Cost Attribution & Confidence Tiers

Cost attribution is how LakeSentry connects Databricks spend to the teams and people responsible for it. Rather than forcing every dollar into a bucket, LakeSentry uses confidence tiers to tell you how much to trust each attribution — so your chargeback numbers hold up under scrutiny.

The attribution model

LakeSentry uses a dual-axis model for cost allocation:

Vertical axis (Accountability) — Who is financially responsible? This maps to your organizational hierarchy: org units, departments, and teams.
Horizontal axis (Context) — Why was the cost incurred? This uses optional categories like projects or shared infrastructure buckets.

Every usage line item gets evaluated against attribution rules in priority order. The first matching rule wins. If no rules match, a waterfall fallback determines attribution based on user identity and resource ownership.

Confidence tiers

Each cost allocation carries a confidence tier that tells you how reliably the attribution was determined:

Tier	What it means	How it’s determined
Exact	Direct identifier links cost to a specific workload	`job_run_id` or similar identifier in the billing metadata directly maps to a known work unit
Strong	Explicit linkage through query or session metadata	Query source metadata links to a job, plus clear compute mapping
Estimated	Time-overlap correlation with limited candidates	Multiple possible attributions; allocated based on time overlap and compute usage proportions
Unattributed	No reliable linkage found	Could not determine who or what caused this cost

Attribution rules

Attribution rules are the primary mechanism for mapping costs to owners. You create rules that match billing records and assign them to teams. Rules are evaluated in priority order — lower priority number means higher precedence.

Rule types

Type	Use case	Example
Exact	Known high-cost resources	”Cluster `0123-456789-abcdef` belongs to the ML team”
Pattern	Categories of resources	”All clusters matching `prod-*` belong to Platform”
Proportional	Platform overhead	”Distribute NETWORKING and DATABASE costs across teams by their compute spend”

Exact rules

Match a specific resource by type and ID. Use these for resources you know the owner of — a dedicated training cluster, a specific production job.

Exact rules always require a workspace (since resource IDs are workspace-scoped).

Pattern rules

Match resources by criteria.
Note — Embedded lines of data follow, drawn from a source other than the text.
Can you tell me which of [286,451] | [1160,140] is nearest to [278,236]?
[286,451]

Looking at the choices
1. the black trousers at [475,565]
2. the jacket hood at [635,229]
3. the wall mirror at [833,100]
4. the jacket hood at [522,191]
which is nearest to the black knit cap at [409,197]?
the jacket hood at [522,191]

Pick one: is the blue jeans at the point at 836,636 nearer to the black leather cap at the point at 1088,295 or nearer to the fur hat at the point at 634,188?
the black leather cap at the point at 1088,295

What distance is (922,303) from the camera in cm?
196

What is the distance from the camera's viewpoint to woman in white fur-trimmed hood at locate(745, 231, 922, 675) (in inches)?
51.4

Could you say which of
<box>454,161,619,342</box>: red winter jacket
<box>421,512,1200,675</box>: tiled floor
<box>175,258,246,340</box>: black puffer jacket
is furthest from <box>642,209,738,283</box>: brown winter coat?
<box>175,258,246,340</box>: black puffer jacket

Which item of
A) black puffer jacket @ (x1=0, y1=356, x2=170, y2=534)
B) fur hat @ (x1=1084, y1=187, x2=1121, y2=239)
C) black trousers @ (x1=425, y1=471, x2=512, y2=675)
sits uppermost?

All conditions use AND logic — every specified condition must match. Conditions you don’t specify are treated as “match anything.”

Available match criteria:

Criterion	What it matches
Resource type	`cluster`, `warehouse`, `job`, `pipeline`, `endpoint`, `app`
Resource pattern	Regex against resource name or ID (e.g., `^prod-.*`)
Principal domain	Email domain suffix of the user (e.g., `@analytics.company.com`)
Tags	Databricks custom tags — key-value pairs that must all match

Pattern rules can be global (apply across all workspaces) by leaving the workspace unset. This is useful for organization-wide tag mappings.

Proportional rules

Distribute platform overhead costs across teams based on their compute spend. Use these for costs that don’t belong to any single team — networking, database (Delta storage), predictive optimization.
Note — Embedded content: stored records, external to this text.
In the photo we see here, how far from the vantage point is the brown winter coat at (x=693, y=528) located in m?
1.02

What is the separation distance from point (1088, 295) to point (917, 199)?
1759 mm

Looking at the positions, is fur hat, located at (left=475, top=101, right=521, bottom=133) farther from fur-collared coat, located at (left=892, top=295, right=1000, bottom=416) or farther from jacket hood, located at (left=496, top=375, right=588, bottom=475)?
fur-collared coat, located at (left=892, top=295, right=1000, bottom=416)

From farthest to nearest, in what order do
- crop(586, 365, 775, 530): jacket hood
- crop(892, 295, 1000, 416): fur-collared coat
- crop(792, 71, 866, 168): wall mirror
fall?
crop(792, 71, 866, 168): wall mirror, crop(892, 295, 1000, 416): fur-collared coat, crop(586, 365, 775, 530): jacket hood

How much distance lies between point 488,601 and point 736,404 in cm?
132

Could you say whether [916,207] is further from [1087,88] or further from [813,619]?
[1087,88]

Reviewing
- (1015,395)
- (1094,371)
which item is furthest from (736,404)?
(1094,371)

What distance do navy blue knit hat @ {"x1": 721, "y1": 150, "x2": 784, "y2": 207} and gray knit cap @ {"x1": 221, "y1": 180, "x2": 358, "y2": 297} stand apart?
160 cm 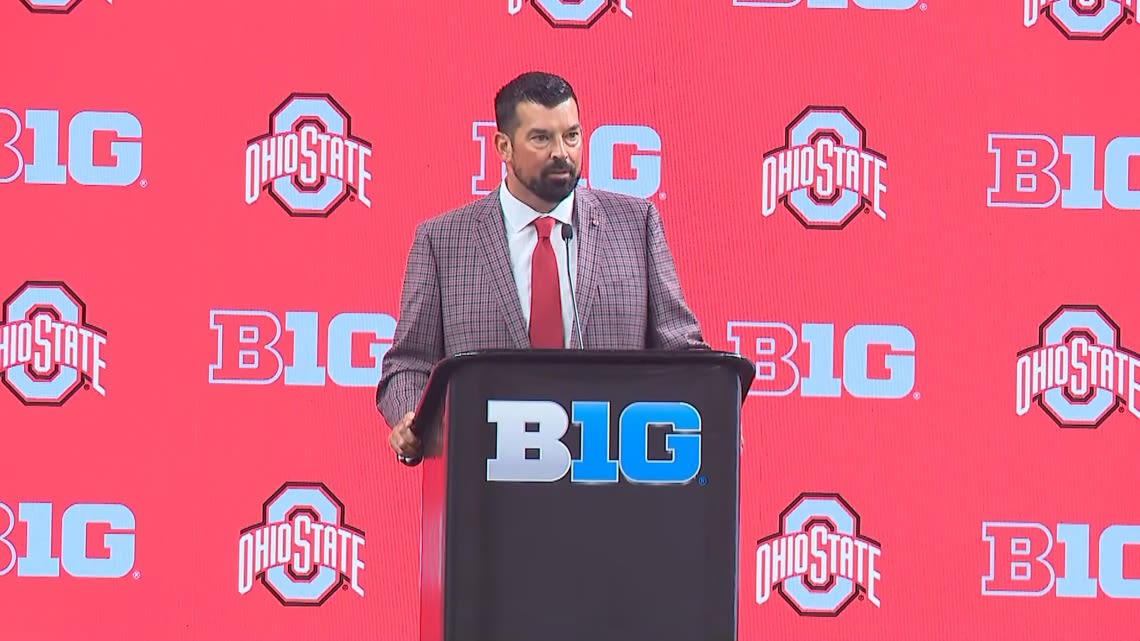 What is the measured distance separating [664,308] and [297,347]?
1.29 m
The distribution is proportional: if Team A accounts for 60% of compute spend and Team B accounts for 40%, a proportional rule splits the overhead 60/40.

Attribution modes

When a rule matches, it uses one of these attribution modes:

Direct mode

Assigns 100% of the cost to a single team, optionally with a category. Direct mode rules can also mark a resource as shared infrastructure — you can assign a shared bucket label (like shared:platform:analytics) to group related shared costs together for reporting.

Split mode

Distributes cost across multiple teams by percentage. Percentages must sum to 100%. Each allocation can optionally include a category.

You can have up to 20 splits per rule. The UI provides a “Distribute evenly” helper to auto-balance percentages.

Proportional mode

Used with proportional rules to distribute platform overhead costs across teams. The distribution is based on each team’s compute spend as a proportion of total compute cost.

Evaluation flow

When a billing record arrives, LakeSentry evaluates it through this sequence:

Session-based attribution — For shared compute (SQL Serverless warehouses and ALL_PURPOSE clusters), if session allocations exist, split costs among actual users proportionally based on query duration or command count. If match, apply and stop.
Proportional rules — For overhead categories (networking, database, predictive optimization), match proportional rules by SKU pattern. If match, distribute to teams by compute spend and stop.
Exact and pattern rules (priority order) — All non-proportional rules are evaluated together in priority order (lower priority number = higher precedence). Exact rules match by resource type + resource ID; pattern rules match by tags, resource pattern, or principal domain. First match wins and evaluation stops.
Waterfall fallback — If nothing matched, fall through a priority chain:
1. Is the resource marked as shared? → attribute to the owner’s team as shared
2. Does the user have a team mapping? → attribute via user
3. Does the resource owner have a team mapping? → attribute via owner
4. Does the user exist but have no team? → attribute to user (no team)
5. None of the above → unattributed (workspace-level)

Session-based attribution

Some Databricks resources are shared by multiple users within the same billing period. SQL Serverless warehouses serve queries from many users, and ALL_PURPOSE clusters run commands from different notebooks.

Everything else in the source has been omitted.